Most importantly, however, cryptocurrencies are beginning to find real use cases. Ripple has been successful in carving a niche in banking and business-to-business transactions. Bitcoin Cash promises to solve many of Bitcoin’s shortcomings as a payment method, namely scaling and transaction speed. Meanwhile, Ethereum has proven its worth as an infrastructure for application development.
Even with the high volatility in the cryptocurrency market, the overarching trend in 2017 has been overwhelmingly positive. As the industry becomes more widely accepted, it could help significantly stabilize the recent wave of volatility.
2018 could be promising
There are signs that the crypto market is still rather unstable, including sky-high valuations and a rapid pace of growth that has rivaled manias of the past, but 2017 still closed on a strong note.
However, success in the next year will rely heavily on broader adoption. And a market that can withstand speculation waves. Should Bitcoin valuations remain highly volatile, investors and exchanges will eventually be scared off, and trading may decrease. The recent extreme swings experienced by the broader market highlights how precarious the current boom is.
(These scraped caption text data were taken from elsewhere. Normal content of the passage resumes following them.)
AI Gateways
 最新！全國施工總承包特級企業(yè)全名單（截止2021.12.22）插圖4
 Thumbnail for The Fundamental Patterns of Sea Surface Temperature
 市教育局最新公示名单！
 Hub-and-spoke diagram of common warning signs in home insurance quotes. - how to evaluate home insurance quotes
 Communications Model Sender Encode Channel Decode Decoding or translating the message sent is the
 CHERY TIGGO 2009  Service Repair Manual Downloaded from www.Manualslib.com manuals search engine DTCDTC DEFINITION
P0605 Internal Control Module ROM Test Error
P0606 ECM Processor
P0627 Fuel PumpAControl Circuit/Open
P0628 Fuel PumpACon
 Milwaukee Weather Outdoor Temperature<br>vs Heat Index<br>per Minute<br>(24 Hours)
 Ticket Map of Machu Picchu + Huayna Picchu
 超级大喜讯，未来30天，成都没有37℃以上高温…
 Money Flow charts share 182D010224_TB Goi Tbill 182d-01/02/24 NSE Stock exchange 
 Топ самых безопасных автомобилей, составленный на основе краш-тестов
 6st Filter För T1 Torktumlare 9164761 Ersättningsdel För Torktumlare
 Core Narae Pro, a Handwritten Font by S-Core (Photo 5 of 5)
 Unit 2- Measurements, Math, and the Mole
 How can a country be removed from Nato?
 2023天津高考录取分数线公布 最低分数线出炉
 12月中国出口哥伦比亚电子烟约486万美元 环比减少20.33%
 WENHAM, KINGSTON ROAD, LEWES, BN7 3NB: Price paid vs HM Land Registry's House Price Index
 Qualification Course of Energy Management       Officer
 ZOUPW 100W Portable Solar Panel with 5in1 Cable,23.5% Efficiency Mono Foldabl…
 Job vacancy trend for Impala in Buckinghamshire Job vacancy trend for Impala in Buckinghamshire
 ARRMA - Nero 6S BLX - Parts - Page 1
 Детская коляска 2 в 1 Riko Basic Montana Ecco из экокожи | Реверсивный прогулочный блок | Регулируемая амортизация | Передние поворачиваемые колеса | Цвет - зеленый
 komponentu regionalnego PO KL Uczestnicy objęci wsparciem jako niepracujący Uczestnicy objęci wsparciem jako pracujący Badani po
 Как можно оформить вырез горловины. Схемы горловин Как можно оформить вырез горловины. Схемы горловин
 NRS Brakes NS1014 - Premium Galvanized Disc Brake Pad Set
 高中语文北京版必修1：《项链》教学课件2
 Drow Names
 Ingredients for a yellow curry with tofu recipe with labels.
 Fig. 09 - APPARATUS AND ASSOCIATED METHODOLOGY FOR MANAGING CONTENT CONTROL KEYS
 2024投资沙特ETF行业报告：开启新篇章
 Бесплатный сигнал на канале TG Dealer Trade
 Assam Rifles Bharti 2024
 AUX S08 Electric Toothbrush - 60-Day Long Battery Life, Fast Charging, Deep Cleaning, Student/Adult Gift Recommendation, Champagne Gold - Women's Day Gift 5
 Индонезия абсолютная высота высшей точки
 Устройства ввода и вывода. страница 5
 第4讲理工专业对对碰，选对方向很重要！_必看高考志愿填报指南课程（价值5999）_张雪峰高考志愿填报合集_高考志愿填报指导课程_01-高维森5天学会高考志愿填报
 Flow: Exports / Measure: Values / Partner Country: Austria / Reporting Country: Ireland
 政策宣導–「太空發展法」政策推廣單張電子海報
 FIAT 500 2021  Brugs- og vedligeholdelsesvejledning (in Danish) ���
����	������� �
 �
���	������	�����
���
Chart showing the Bitcoin price movement since 2013
2018 is promising to be a momentous year for the industry. As fears of a bubble collapse increase, many are looking at it optimistically. In their eyes, the ecosystem is ripe for a cleaning, and removing underperformers and unsustainable projects could enable the real contenders to grow. Moreover, a wave of consolidation and the entry of institutional investment into the sphere could lead to broader adoption and a more stable market.
Though the crypto market is growing, it must show sustainability and deliver better fungibility. As more companies demonstrate effective uses for cryptocurrencies and Blockchain technology, the overall ecosystem should continue to stabilize and expand as awareness of its inherent benefits improves.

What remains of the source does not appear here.